I have a corpus of texts from various countries. I am trying to see how often a specific term appears in the texts for each country. To do so, I am following the example here: https://quanteda.io/articles/pkgdown/examples/plotting.html#frequency-plots
freq_grouped <- textstat_frequency(dfm(full_corpus),
groups = "Country")
freq_const <- subset(freq_grouped, freq_grouped$feature %in% "constitution")
This works fine, except that this only captures the exact term ("constitution"). I'd like to be able to capture variations of the term (e.g. "charter of rights and freedoms") use globs (e.g. "*constitution*
"), and count the results under the same category. I tried using a dictionary for this, but I get zero results.

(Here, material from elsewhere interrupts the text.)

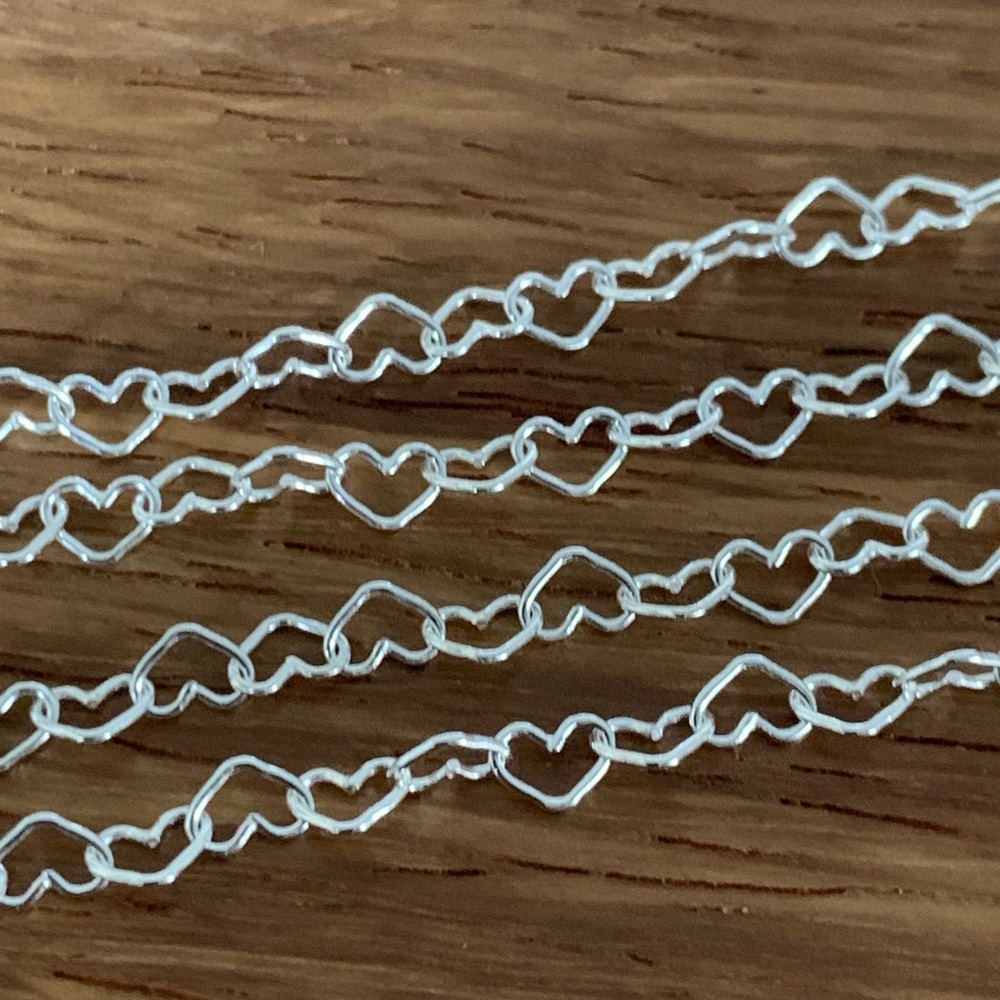 Sterling Silver .925                              Heart Necklace/Chain 20”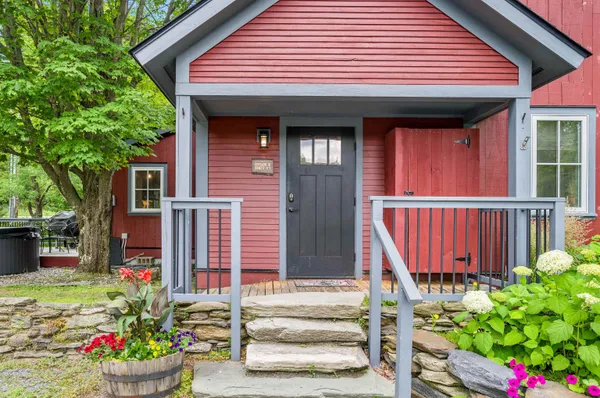 $990,000 | 3209 German Flats Road, Unit 1, Warren, VT 05674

dict <- dictionary(list(constitution = c('*constitution*', 'charter of rights and freedoms',
'canadian charter', 'constituição*', '*constitucion*')))
freq_const <- subset(freq_grouped, freq_grouped$feature %in% dict)
freq_const
[1] feature frequency rank docfreq group
<0 rows> (or 0-length row.names)
How can I go about achieving this?
The basic answer is that you cannot subset a dfm using a dictionary or any other sort of pattern match, because dfm_subset()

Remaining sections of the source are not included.